北條 木のバットに変わったことと、体がプロの先輩と全然違いました。打球が飛ばなくなって、毎日練習や試合があるなかで体力的に劣ることも痛感しました。疲れると余計に飛ばなくなるし、「(ホームランを)狙っても打たれへんな」という気持ちに変わっていきました。そこで打率を残せる、嫌らしいバッターになっていこうと考えるようになりました。
【「坂本二世」と呼ばれることはうれしかった】
── 高校の大先輩である坂本勇人選手と同じショートだったことから、「坂本二世」と呼ばれることもありました。この評価は重荷だったのでしょうか?
北條 いえ、うれしかったですよ。坂本さんには憧れもありますし、自分のなかで思い描く理想に一番近い存在でしたから。ああいうふうになりたかったですよね。

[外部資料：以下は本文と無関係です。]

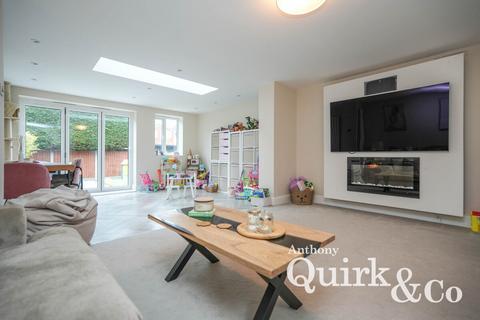 3 bedroom link detached house for sale, Lambourne, Canvey Island, SS8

── 同じプロの世界に立ってみて、坂本選手の偉大さをより実感したのでは?
北條 しました。まず、ケガをなかなかしない。僕はいろんなケガをしましたけど、坂本さんはショートで歴代最多の試合数に出続けていたじゃないですか。
── オフには坂本選手の自主トレに参加していましたね。
北條 一緒にやらせてもらって、これだけの人が僕より向上心を持っているのか......と思い知らされました。結果を残していても満足せず、人の意見をめっちゃ聞いているんです。あらためてすごさを感じました。

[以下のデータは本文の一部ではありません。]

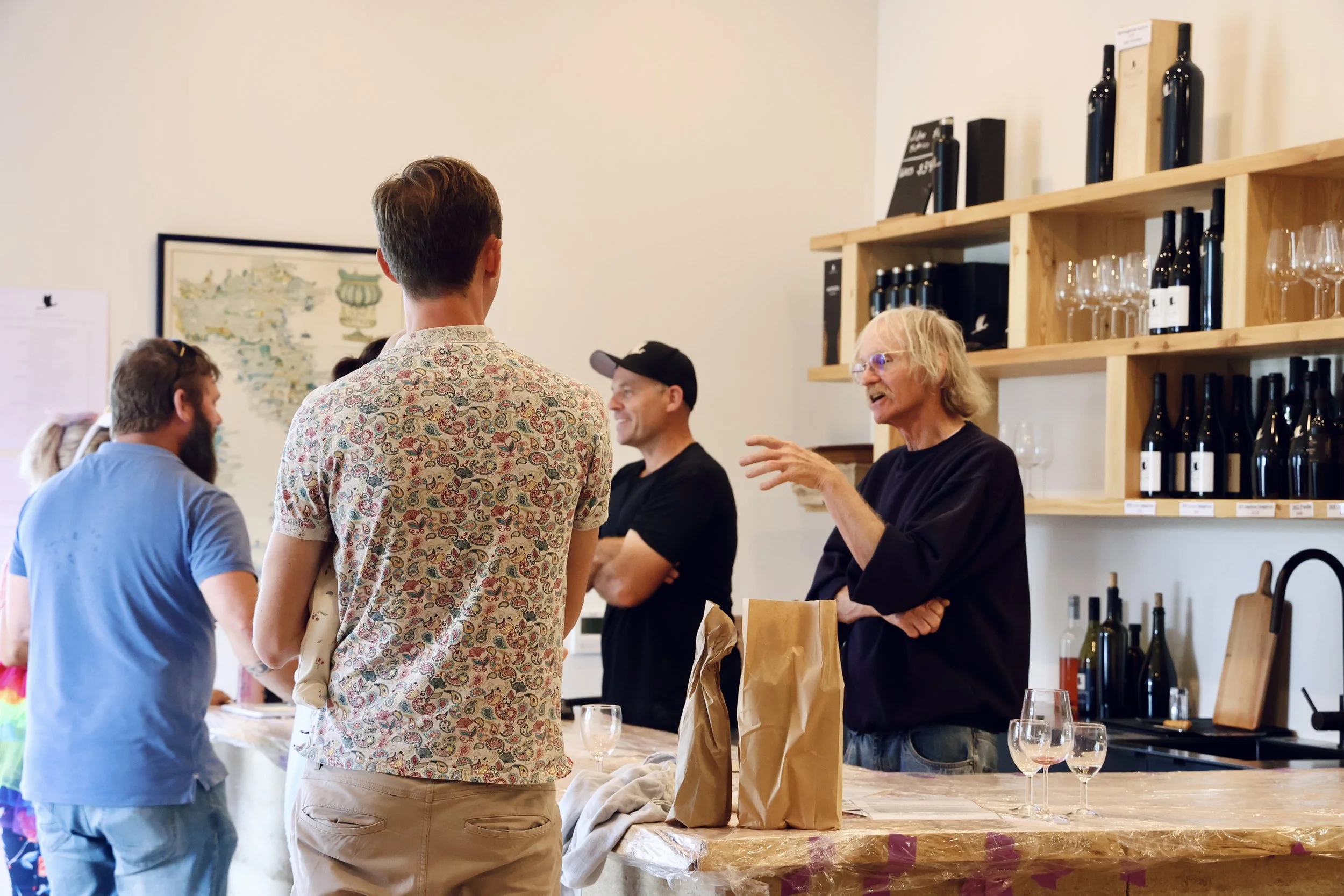 Meet three generations of family at our Matakana tasting room and vineyard.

── 北條選手はもともと努力型というか、高校時代もひとつの技術を覚えるのに猛烈な練習量を通して習得していたそうですね。
北條 はい。調子の波が結構激しかったです。
── 一方、同期の田村龍弘選手は天才型でしょうか。
北條 田村は練習を全然しないんですよ(笑)。人前ではやらないだけかもしれませんが、テキトウなところがあります。でも、試合になれば必ず打つし、相手の裏をかくリードができる。センスがずば抜けていました。田村と出会ったのは小学生の時なんですけど、すごすぎてずっと負けていると思っていました。僕は「努力しよう」と思って練習してきたんじゃなくて、「田村に負けているならやるしかない」と思って練習してきました。田村がいなかったら、プロにも入れてなかったと思います。
【野球人生を変えた左肩脱臼】
── プロでは試行錯誤を重ね、4年目(2016年)に122試合に出場して、打率.273、5本塁打とブレイクしました。
北條 金本知憲監督にすごく指導いただいて、ガムシャラについていった感じです。正直言って、あまり当時の記憶がないんですよ。ただ必死にやっていただけなので。
── 阪神という球団は在阪メディアやファンの熱が高く、注目されるなかでのプレーはやりがいがある反面、難しさもあったと思います。阪神では発言に気をつける選手も多いようですね?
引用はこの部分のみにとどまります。